***** PROVIDED ENTRIES
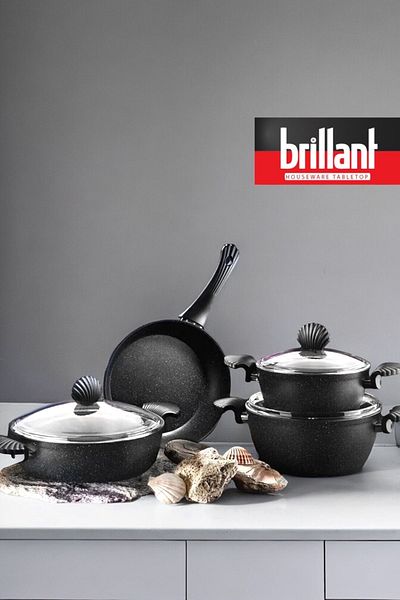Brillant Petra 7 Piece Cast Iron Pot Set Fireproof Non-Stick Aluminum Pot Set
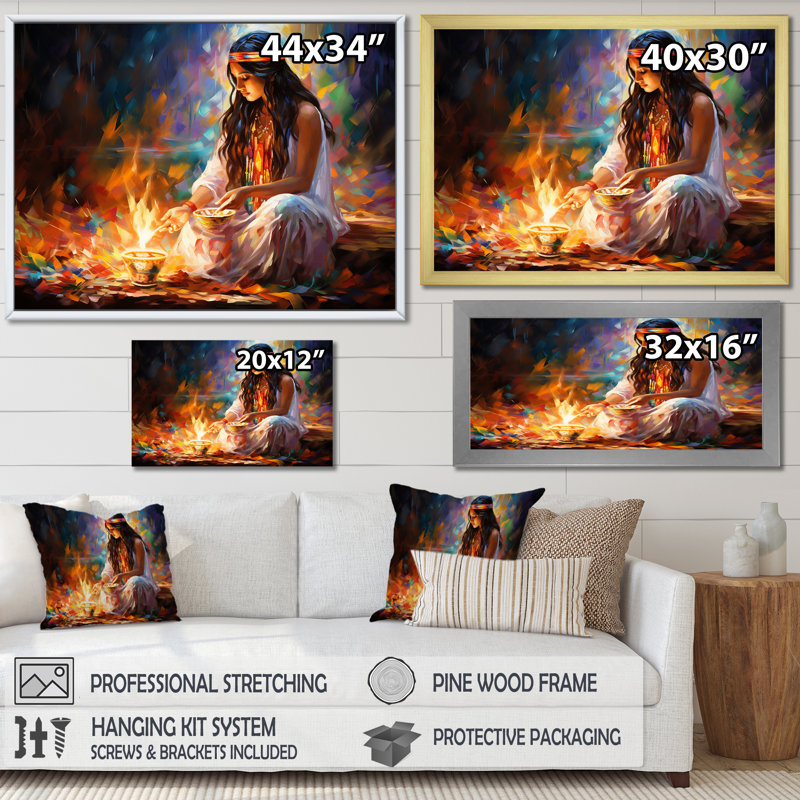 Décoration rituelle amérindienne I - décoration murale d'art amérindien, Toile tendue, H 24 po x l 32 po x P 1 po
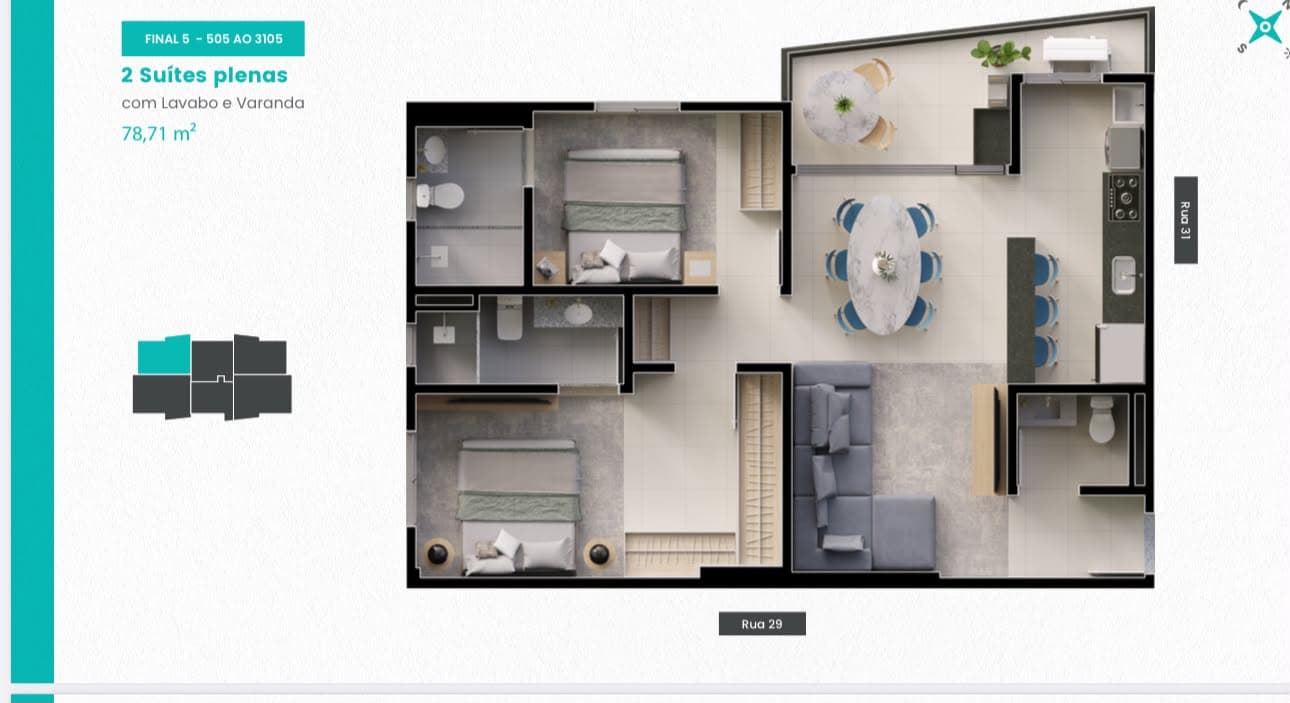 Apartamento Centro 2 suites | Setor Central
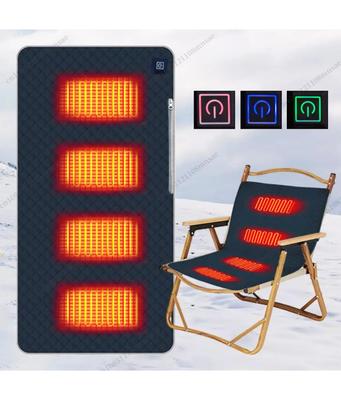 4 Heated Areas Camping Chair Heated Mat Outdoor Travel USB Electric Blanket 3 Adjustable Temperature Heater Warmer Cushion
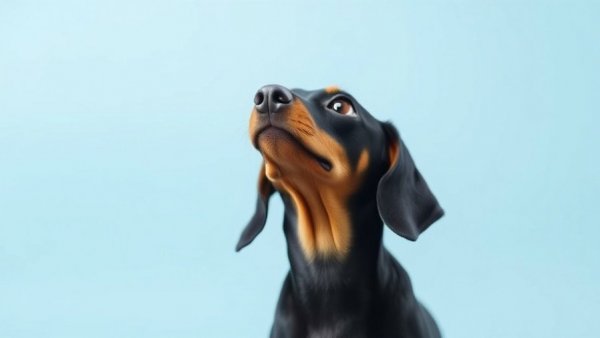 Alert dachshund portrait conveying curiosity and nutrition focus.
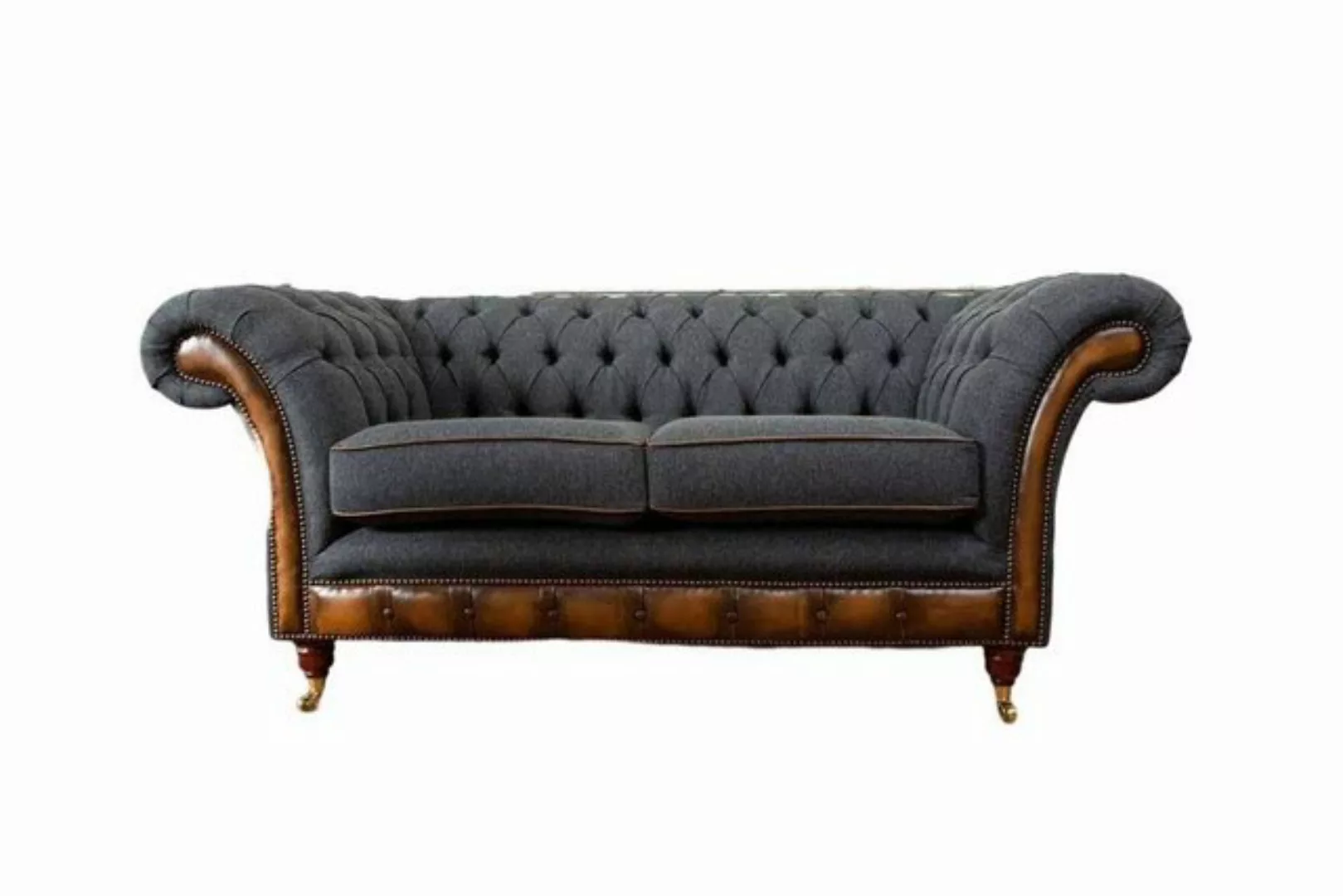 JVmoebel Sofa Luxus Grauer Chesterfield Zweisitzer Polster Couch 2-Sitzer N günstig online kaufen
**********
GOAL OF THE EXERCISE: Give back, word for word, the lines from the line that contains "Décoration rituelle amérindienne" through the last line of the records, with no pictures and nothing else.

OUTPUT FOR THIS EXERCISE:
 Décoration rituelle amérindienne I - décoration murale d'art amérindien, Toile tendue, H 24 po x l 32 po x P 1 po
 Apartamento Centro 2 suites | Setor Central
 4 Heated Areas Camping Chair Heated Mat Outdoor Travel USB Electric Blanket 3 Adjustable Temperature Heater Warmer Cushion
 Alert dachshund portrait conveying curiosity and nutrition focus.
 JVmoebel Sofa Luxus Grauer Chesterfield Zweisitzer Polster Couch 2-Sitzer N günstig online kaufen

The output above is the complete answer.